- Coordinates: 48°05′12.6″N 119°46′51″W﻿ / ﻿48.086833°N 119.78083°W
- Carries: SR 173
- Crosses: Columbia River
- Locale: Brewster, Washington
- Official name: Columbia River Bridge at Brewster
- Owner: Washington State Department of Transportation
- ID number: 0008566A

History
- Opened: 1928
- Rebuilt: 1970

Location

= Brewster Bridge =

Bridge over Columbia River

The Brewster Bridge, officially the Columbia River Bridge at Brewster, is a two-lane highway bridge crossing the Columbia River at Brewster, Washington. It is part of State Route 173 and is 10 mi west of Bridgeport. The original bridge, constructed between August 1927 and June 1928, was used until it was destroyed by a fire in 1968. A second bridge at the location was built in 1970.

==History==

Before the bridge, three ferries crossed the Columbia River in the Brewster area. A bridge was proposed to connect Okanogan County and the Sunset Highway. The original bridge was a steel truss bridge with five piers that spanned a total length of 1,596 ft. The bridge was built by a private company and had a toll until it was purchased by the Washington Department of Transport, who then raised it by 7.5 ft to make room for rising water from Wells Dam downriver.

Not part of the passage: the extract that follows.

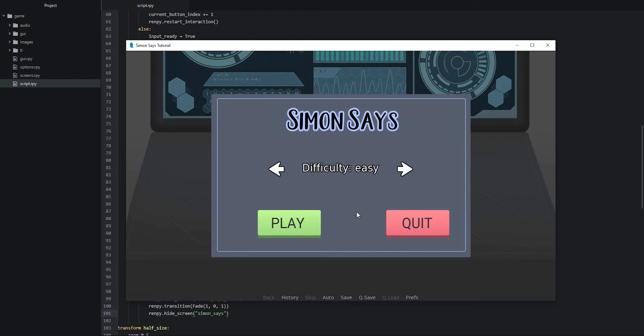The only thing we haven't tested yet is what happens if we get a button wrong in the pattern. For that we're going to need to create the game over screen first, which we'll do in the next video. Thank you so much for watching — I hope you enjoyed this video and the series. Please consider pressing the like button and leaving a comment below, and I hope to see you in the next video.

On August 5, 1968, a welding torch caused a fire in the center of the bridge that caused it to collapse.

A second bridge at Brewster was completed in 1970 and was built on the original piers. Before the bridges completion a 15 minute ferry was used as a temporary replacement for the crossing.

In 1986, the state unsuccessfully attempted to transfer SR 173, including the bridge, to the county government. The Brewster Bridge was deemed eligible for inclusion on the National Register of Historic Places.